● **EXERCISE INPUT**:
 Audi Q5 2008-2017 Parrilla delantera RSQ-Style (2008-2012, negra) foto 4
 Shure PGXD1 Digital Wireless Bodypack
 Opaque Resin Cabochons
...
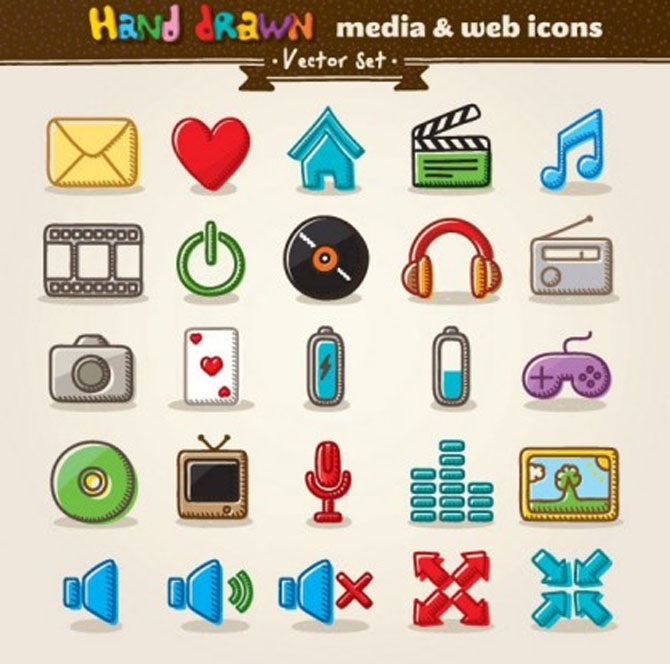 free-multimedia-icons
==
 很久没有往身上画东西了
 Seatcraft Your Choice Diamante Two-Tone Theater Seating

● **DIRECTIONS FOR THIS TASK**: Send back an exact copy of only the lines from the line with "Shure PGXD1 Digital Wireless Bodypack" up to and including the line with "Opaque Resin Cabochons" in the data above.

● **ANSWER SECTION**:
 Shure PGXD1 Digital Wireless Bodypack
 Opaque Resin Cabochons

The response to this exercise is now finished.